I am translating a c++11 program which calculates contact forces between particle pairs into a cuda program. All the particle pairs are independent from each other. I use a functor to calculate the contact force. This functor does many computations and contains a lot of member variables. Therefore I am trying to reuse the functors, instead of making one new functor per particle pair.

Because the functor contains virtual functions, the functor cloning is done on the device instead of on the host.

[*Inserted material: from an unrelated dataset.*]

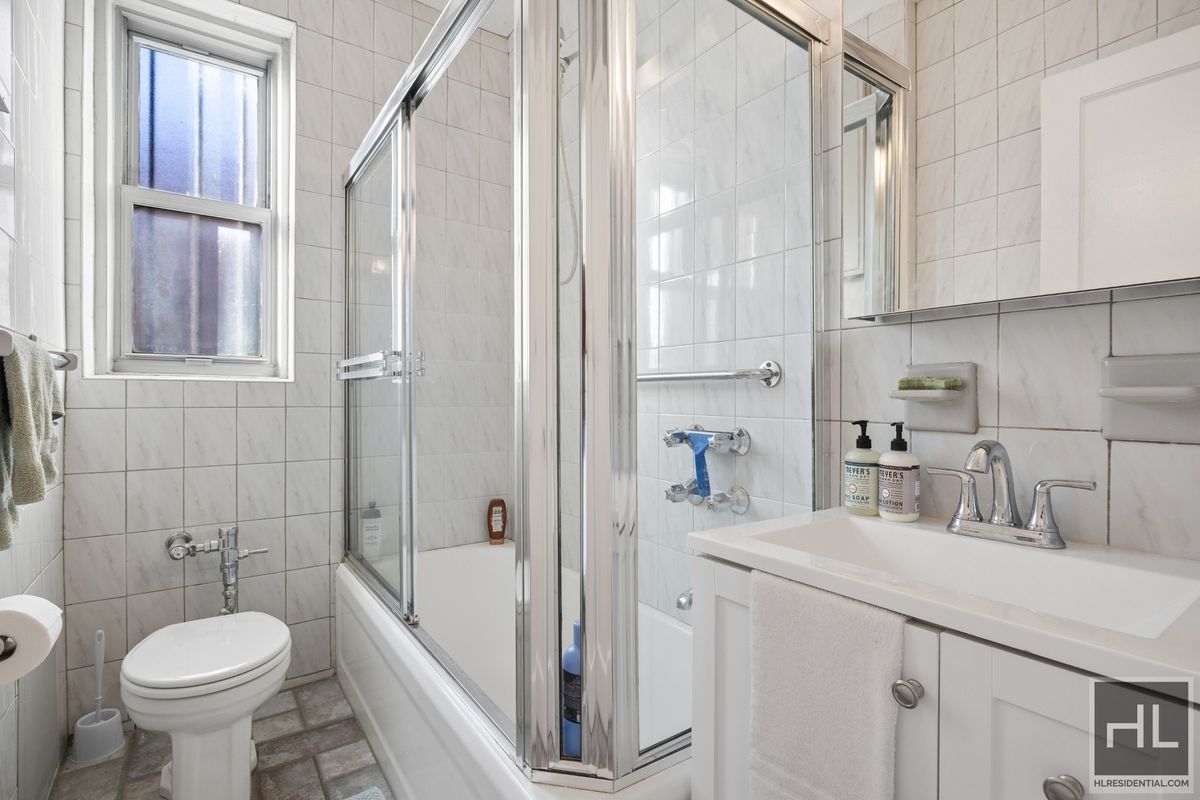 357 West 55th Street 6J Clinton New York NY 10019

I am thinking of a scheme which goes like this:

1) Clone M functors

2) Start computing M particle pairs

3) Particle pair M+1 waits until one particle pair has completed and then reuses its functor

However, other ideas are also very welcome.

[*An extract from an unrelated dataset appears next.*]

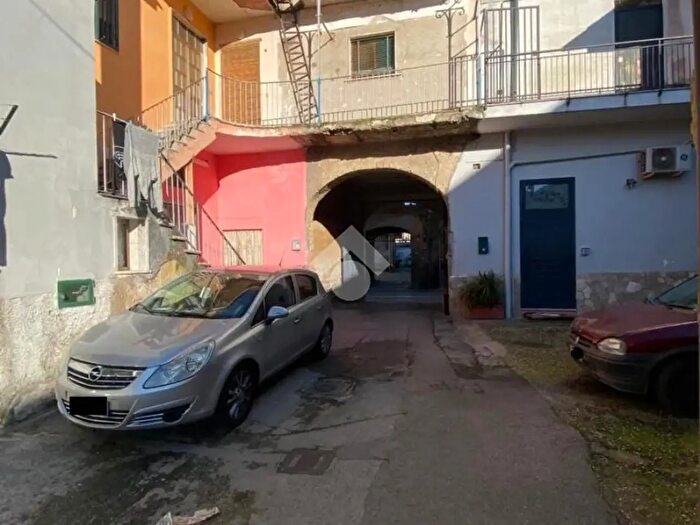 Appartamento quadrilocale in vendita in Via Giovanni Liguori, Frattaminore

I've made a very simplified version of the program. In this play program, the F variable does not have to be a member variable, but in the real program it needs to be. There is also a lot more member data and particle pairs (N) in the real program. N is often a few million.

#include <stdio.h>

#define TPB 4 // realistic value = 128
#define N 10  // realistic value = 5000000
#define M 5   // trade of between copy time and parallel gain.
              // Realistic value somewhere around 1000 maybe

#define OPTION 1
// option 1: Make one functor per particle pair => works, but creates too many functor clones
// option 2: Only make one functor clone => no more thread independent member variables
// option 3: Make M clones which get reused => my suggestion, but I don't know how to program it

struct FtorBase
{
  __device__ virtual void execute(long i) = 0;

  __device__ virtual void show() = 0;
};

struct FtorA : public FtorBase
{

  __device__ void execute(long i) final
  {
    F = a*i;
  }

  __device__ void show() final
  {
    printf("F = %f\n", F);
  }

  double a;
  double F;
};

template <class T>
__global__ void cloneFtor(FtorBase** d_ftorBase, T ftor, long n_ftorClones)
{
  const long i = threadIdx.x + blockIdx.x * blockDim.x;

  if (i >= n_ftorClones) {
    return;
  }

  d_ftorBase[i] = new T(ftor);
}

struct ClassA
{
  typedef FtorA ftor_t;

  FtorBase** getFtor()
  {
    FtorBase** d_cmFtorBase;
    cudaMalloc(&d_cmFtorBase, N * sizeof(FtorBase*));

#if OPTION == 1 
    // option 1: Create one copy of the functor per particle pair
    printf("using option 1\n");
    cloneFtor<<<(N + TPB - 1) / TPB, TPB>>>(d_cmFtorBase, ftor_, N);
#elif OPTION == 2
    // option 2: Create just one copy of the functor
    printf("using option 2\n");
    cloneFtor<<<1, 1>>>(d_cmFtorBase, ftor_, 1);
#elif OPTION == 3
    // option 3: Create M functor clones
    printf("using option 3\n");
    printf("This option is not implemented. I don't know how to do this.\n");
    cloneFtor<<<(M + TPB - 1) / TPB, TPB>>>(d_cmFtorBase, ftor_, M);
#endif
    cudaDeviceSynchronize();

    return d_cmFtorBase;
  }

  ftor_t ftor_;
};


__global__ void cudaExecuteFtor(FtorBase** ftorBase)
{
  const long i = threadIdx.x + blockIdx.x * blockDim.x;

  if (i >= N) {
    return;
  }

#if OPTION == 1
  // option 1: One functor per particle was created
  ftorBase[i]->execute(i);
  ftorBase[i]->show();
#elif OPTION == 2
  // option 2: Only one single functor was created
  ftorBase[0]->execute(i);
  ftorBase[0]->show();
#elif OPTION == 3
  // option 3: Reuse the fuctors
  // I don't know how to do this
#endif
}

int main()
{
  ClassA* classA = new ClassA();
  classA->ftor_.a = .1;

  FtorBase** ftorBase = classA->getFtor();

  cudaExecuteFtor<<<(N + TPB - 1) / TPB, TPB>>>(ftorBase);
  cudaDeviceSynchronize();

  return 0;
}

I am checking the output of F to see whether the member variable is independent in each call. As expected, when using a different functor for each particle pair (option 1), all the F values are different and when using only one functor for the whole program (option 2), all the F values are the same.

using option 1
F = 0.800000
F = 0.900000
F = 0.000000
F = 0.100000
F = 0.200000
F = 0.300000
F = 0.400000
F = 0.500000
F = 0.600000
F = 0.700000

using option 2
F = 0.700000
F = 0.700000
F = 0.700000
F = 0.700000
F = 0.700000
F = 0.700000
F = 0.700000
F = 0.700000
F = 0.700000
F = 0.700000

I wonder if there is a way to get all different F values in this play example without taking N copies (option 3).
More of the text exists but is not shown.